= Edward Wright (artist) =

English artist (1912–1988)

Edward Wright (16 July 1912 – 16 October 1988) was an English painter, typographer and graphic designer.

==Life and creative work==
He was born on 16 July 1912, in Liverpool, in the family of Ecuadorian vice-consul (his mother was Chilean). He trained and worked a short period of time as an architect before being engaged in painting, drawing, print-making, and so called "commercial art". Beginning from 1942 he lived in London and worked in book publishing and advertising, and teaching graphic design at the Central School and at Chelsea School of Art. He refused to separate art from design. "Among his exceptional work is the lettering that he made for modern buildings, often managing both a specific design and an alphabet that could be applied more generally".

In the early 1950s, he was a member of the Independent Group, and taught at the Central School of Art with Anthony Froshaug, Nigel Henderson and Eduardo Paolozzi. He designed the catalogue for the exhibition This Is Tomorrow at the Whitechapel Gallery in 1956. In the late 1950s, he worked at Rathbone Books, essentially a book packaging firm, which had grown out of the wartime venture of Adprint.

Wright later taught at the London College of Printing, Cambridge University School of Architecture and the Royal College of Art. His architectural lettering work included the foundation stone for Churchill College, Cambridge (1961), and the Flaxman lettering and numbering system for New Scotland Yard's rotating sign (1968), Wright's original concept for which was that its "revolving triangular shape and reflective steel lettering was symbolic of the Met's constant vigilance in guarding our safety".
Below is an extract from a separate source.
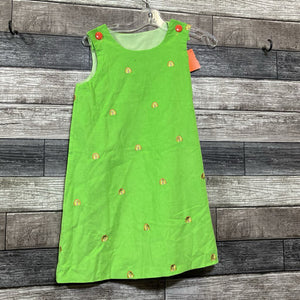 HANDMADE THANKSGIVING JUMPER DRESS 5/6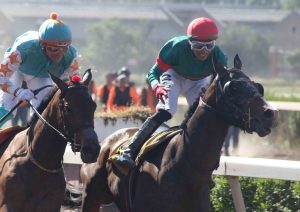 Lee más sobre el artículo New Empire, el campeón está de vuelta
In 1963, Wright was a signatory of Ken Garland's First Things First manifesto. Edwin Taylor – friend and "companion of the road" told about Wright:

Edward was not the sort of typographer who regarded individual letter forms as a precious jewels to be polished and placed in a tiara. To Edward, each letter was a living form to be explored and shaped to suit a particular need or belief, in the same way an African carver would search out the core spirit and life-force in a piece of wood.